Opinion
June 19, 1989
Appeal from the Supreme Court, Nassau County (Thorp, J.).
Ordered that the judgment is affirmed.
We find the hearing court was correct in finding that, although the defendant's arrest was not based on probable cause, certain statements made by him were admissible at trial as they were sufficiently attenuated from the illegal arrest to be purged of the taint created by the illegality (see, United States v Crews, 445 U.S. 463; Brown v. Illinois, 422 U.S. 590; People v. Conyers, 68 N.Y.2d 982; People v. Rogers, 52 N.Y.2d 527, cert denied 454 U.S. 898). The record reveals that the statements not suppressed by the hearing court were made by the defendant over four hours after his arrest and after the defendant had received Miranda warnings no less than twice (see, People v. Conyers, supra; People v. Davis, 120 A.D.2d 606; People v. Graham, 90 A.D.2d 198; People v. Calhoun, 78 A.D.2d 658). In addition, the police did not attempt to exploit the illegal arrest (see, People v. Conyers, supra; People v. Rogers, supra) and the defendant's statements that were used at trial were given only after an accomplice, who had been arrested at a different time and a different place, implicated him (see, People v Allah, 140 A.D.2d 613; People v. Davis, supra; People v. Mas, 110 A.D.2d 915, 916; People v. Matos, 93 A.D.2d 772; People v. Emrick, 89 A.D.2d 787, 788).
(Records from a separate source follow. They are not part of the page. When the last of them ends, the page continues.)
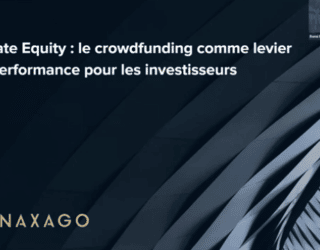 exemples d'investissement en crowdfunding immobilier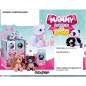 MAMMY SURPRISE BEARS EAN 8057094649730 INGROSSO GIOCHI DA EDICOLA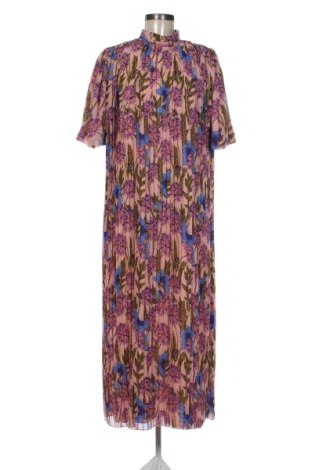 Šaty  Forever Unique, Veľkosť XL, Farba Viacfarebná, Cena  66,49 €, #137863482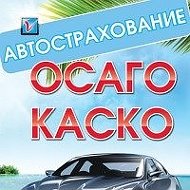 Виктория Автострахование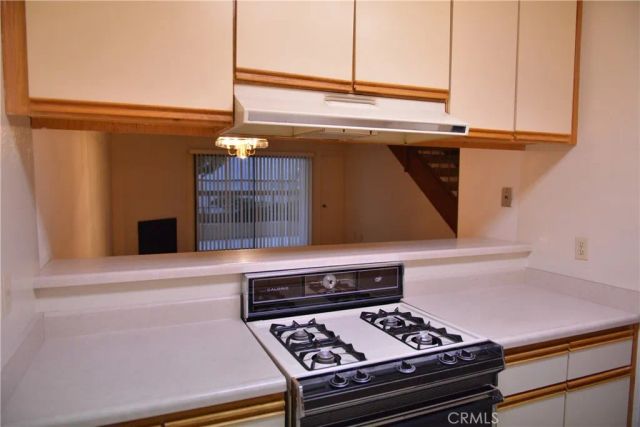 410 Milford Street 103, Glendale, CA 91203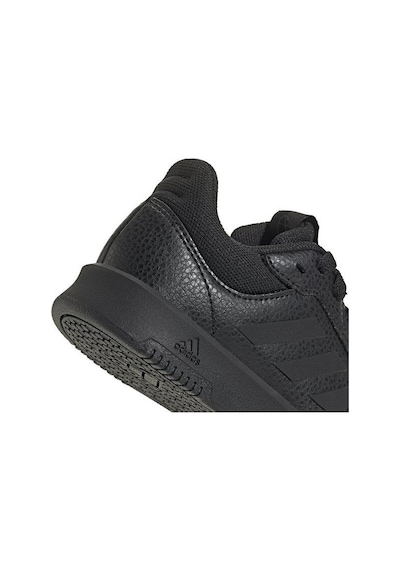 Adidas Çocuk Spor Ayakkabı Tensaur Sport 2.0 K Gw6424 Siyah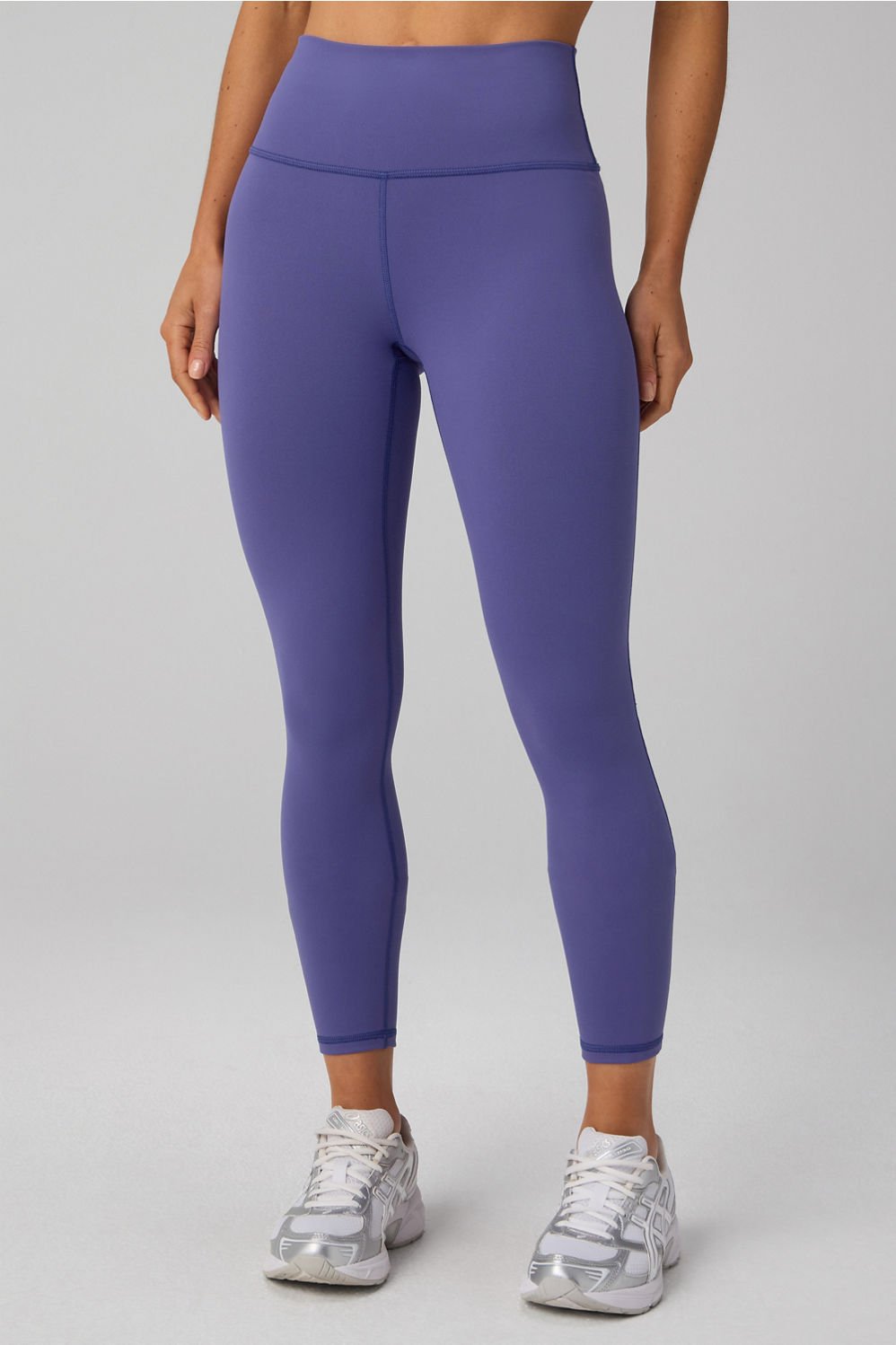 Fabletics Define PowerHold® High-Waisted Legging 7/8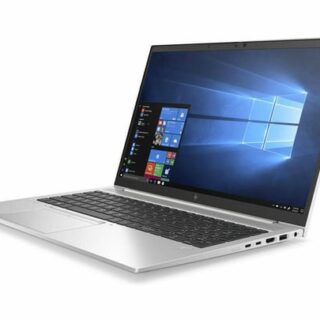 Notebook HP EliteBook 850 G7 (Touchscreen)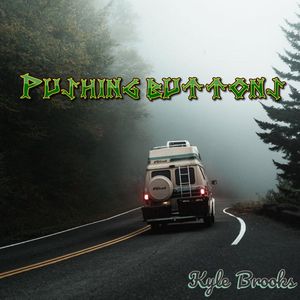 Volunteers On My Ship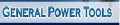 S.C. GENERAL POWER TOOLS S.R.L
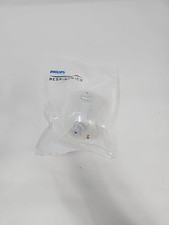 Philips respironics dreamwear for sale  Kansas City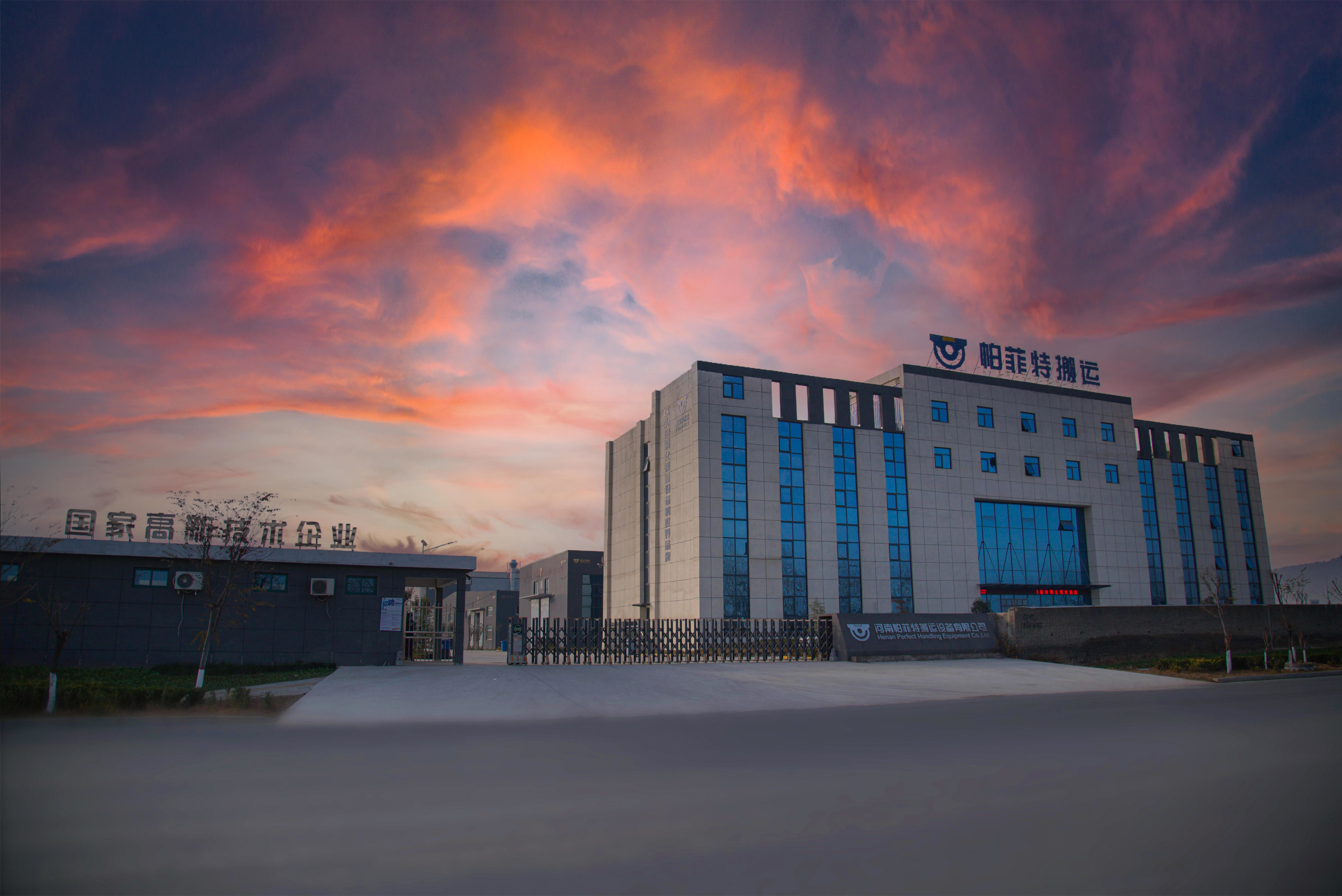 Сверхмощное вещество вручая дистанционному управлению ручной Turntable паллета для склада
The defendant's contention that Officer Smith's showup identification of the defendant shortly after he had fled from the vehicle which the officer was pursuing is not preserved for appellate review since the defendant never moved to suppress the officer's identification testimony nor did he raise an objection to its admission at trial (see, People v. Jones, 81 A.D.2d 22). Furthermore, the defendant's challenge to the propriety of the prosecutor's summation was not preserved for appellate review since no objection was made thereto at trial (see, CPL 470.05). In any event, the prosecutor's remarks, which the defendant contends constituted prosecutorial misconduct, were either proper responses to the defense summation (see, People v. Corley, 140 A.D.2d 536; People v. Street, 124 A.D.2d 841; People v. Freeman, 123 A.D.2d 784, lv denied 69 N.Y.2d 711) or fair comment on the evidence (see, People v. Allen, 99 A.D.2d 592, affd 64 N.Y.2d 979; People v. Ayala, 120 A.D.2d 600). Mollen, P.J., Mangano, Kooper and Spatt, JJ., concur.